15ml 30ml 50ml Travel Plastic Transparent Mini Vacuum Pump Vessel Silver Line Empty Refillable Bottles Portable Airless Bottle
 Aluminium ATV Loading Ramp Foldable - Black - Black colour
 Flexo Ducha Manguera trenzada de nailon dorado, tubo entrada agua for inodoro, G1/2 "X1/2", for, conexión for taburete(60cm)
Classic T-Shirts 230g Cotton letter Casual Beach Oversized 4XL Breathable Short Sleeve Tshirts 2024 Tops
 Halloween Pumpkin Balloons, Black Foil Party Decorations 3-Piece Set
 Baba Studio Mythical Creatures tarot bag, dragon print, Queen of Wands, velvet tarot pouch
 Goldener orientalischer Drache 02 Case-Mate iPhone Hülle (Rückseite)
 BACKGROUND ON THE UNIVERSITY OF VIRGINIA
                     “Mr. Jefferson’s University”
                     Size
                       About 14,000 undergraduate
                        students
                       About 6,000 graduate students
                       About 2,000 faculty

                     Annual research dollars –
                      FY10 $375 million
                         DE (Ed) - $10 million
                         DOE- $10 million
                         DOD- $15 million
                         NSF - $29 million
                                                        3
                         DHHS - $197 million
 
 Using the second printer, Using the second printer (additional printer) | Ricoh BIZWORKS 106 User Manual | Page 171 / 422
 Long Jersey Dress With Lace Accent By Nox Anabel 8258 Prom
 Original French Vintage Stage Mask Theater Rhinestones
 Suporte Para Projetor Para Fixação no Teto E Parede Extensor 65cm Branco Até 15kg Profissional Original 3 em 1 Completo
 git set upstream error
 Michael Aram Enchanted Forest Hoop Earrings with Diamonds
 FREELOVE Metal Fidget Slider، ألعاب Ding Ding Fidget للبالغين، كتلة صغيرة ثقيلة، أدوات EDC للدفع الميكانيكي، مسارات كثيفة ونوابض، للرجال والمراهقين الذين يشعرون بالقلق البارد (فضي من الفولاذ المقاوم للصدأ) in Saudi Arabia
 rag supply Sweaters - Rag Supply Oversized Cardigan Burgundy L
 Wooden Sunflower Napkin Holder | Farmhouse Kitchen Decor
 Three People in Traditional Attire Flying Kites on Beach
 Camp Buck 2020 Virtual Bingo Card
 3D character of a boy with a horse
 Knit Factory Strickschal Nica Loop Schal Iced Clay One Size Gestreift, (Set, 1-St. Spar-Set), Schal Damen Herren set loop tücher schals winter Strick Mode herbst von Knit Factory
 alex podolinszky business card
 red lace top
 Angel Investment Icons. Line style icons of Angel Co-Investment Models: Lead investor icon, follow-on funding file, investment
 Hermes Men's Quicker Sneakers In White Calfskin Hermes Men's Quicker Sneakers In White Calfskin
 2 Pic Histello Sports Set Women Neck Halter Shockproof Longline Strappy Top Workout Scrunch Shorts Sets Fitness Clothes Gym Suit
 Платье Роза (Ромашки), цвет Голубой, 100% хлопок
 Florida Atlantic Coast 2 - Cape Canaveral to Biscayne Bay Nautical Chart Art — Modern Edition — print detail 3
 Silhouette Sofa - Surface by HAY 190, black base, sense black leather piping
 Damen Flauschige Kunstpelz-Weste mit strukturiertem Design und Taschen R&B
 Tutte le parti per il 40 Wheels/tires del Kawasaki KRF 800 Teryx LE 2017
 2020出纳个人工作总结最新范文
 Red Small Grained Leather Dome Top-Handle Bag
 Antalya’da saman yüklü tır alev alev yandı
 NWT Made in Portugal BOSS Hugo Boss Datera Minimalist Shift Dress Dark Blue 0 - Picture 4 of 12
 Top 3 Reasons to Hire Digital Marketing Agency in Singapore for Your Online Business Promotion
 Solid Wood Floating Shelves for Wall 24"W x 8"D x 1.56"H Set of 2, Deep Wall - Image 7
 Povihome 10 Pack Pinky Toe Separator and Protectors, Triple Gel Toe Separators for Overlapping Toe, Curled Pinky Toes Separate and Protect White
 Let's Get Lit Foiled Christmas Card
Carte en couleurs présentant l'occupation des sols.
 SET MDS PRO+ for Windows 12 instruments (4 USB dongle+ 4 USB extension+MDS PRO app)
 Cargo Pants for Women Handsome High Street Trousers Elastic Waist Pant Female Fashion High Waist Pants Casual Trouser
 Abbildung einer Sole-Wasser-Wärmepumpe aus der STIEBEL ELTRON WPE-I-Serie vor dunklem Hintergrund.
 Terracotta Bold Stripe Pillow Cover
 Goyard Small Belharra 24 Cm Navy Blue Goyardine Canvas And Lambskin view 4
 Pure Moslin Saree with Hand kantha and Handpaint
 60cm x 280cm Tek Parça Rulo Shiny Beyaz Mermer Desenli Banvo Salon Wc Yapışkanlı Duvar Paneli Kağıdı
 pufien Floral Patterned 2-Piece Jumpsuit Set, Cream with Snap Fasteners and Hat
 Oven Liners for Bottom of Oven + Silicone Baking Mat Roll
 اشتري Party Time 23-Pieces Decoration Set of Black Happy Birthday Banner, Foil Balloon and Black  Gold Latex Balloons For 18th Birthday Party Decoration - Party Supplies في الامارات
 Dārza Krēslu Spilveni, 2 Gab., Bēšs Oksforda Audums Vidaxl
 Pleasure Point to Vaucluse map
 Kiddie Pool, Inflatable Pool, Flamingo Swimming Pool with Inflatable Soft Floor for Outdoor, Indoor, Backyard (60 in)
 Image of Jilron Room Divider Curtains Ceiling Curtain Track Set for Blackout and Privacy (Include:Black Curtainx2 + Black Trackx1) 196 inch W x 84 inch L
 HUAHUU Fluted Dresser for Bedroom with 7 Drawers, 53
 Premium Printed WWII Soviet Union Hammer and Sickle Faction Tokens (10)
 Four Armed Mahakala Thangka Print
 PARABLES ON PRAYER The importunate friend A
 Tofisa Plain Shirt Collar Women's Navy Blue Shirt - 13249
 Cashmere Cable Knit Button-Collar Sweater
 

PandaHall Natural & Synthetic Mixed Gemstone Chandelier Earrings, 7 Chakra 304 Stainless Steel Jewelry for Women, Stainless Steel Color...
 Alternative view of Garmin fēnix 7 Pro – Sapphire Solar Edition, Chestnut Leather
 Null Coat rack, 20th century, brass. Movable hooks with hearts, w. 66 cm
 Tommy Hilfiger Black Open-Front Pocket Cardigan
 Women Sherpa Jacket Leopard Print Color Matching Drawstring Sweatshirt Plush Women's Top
|---|
§ **THE TASK**
Precisely the lines between those holding "rag supply Sweaters" and "NWT Made in", inclusive, are to be reproduced from the listing above, with nothing added.

§ **WRITTEN ANSWER**
 rag supply Sweaters - Rag Supply Oversized Cardigan Burgundy L
 Wooden Sunflower Napkin Holder | Farmhouse Kitchen Decor
 Three People in Traditional Attire Flying Kites on Beach
 Camp Buck 2020 Virtual Bingo Card
 3D character of a boy with a horse
 Knit Factory Strickschal Nica Loop Schal Iced Clay One Size Gestreift, (Set, 1-St. Spar-Set), Schal Damen Herren set loop tücher schals winter Strick Mode herbst von Knit Factory
 alex podolinszky business card
 red lace top
 Angel Investment Icons. Line style icons of Angel Co-Investment Models: Lead investor icon, follow-on funding file, investment
 Hermes Men's Quicker Sneakers In White Calfskin Hermes Men's Quicker Sneakers In White Calfskin
 2 Pic Histello Sports Set Women Neck Halter Shockproof Longline Strappy Top Workout Scrunch Shorts Sets Fitness Clothes Gym Suit
 Платье Роза (Ромашки), цвет Голубой, 100% хлопок
 Florida Atlantic Coast 2 - Cape Canaveral to Biscayne Bay Nautical Chart Art — Modern Edition — print detail 3
 Silhouette Sofa - Surface by HAY 190, black base, sense black leather piping
 Damen Flauschige Kunstpelz-Weste mit strukturiertem Design und Taschen R&B
 Tutte le parti per il 40 Wheels/tires del Kawasaki KRF 800 Teryx LE 2017
 2020出纳个人工作总结最新范文
 Red Small Grained Leather Dome Top-Handle Bag
 Antalya’da saman yüklü tır alev alev yandı
 NWT Made in Portugal BOSS Hugo Boss Datera Minimalist Shift Dress Dark Blue 0 - Picture 4 of 12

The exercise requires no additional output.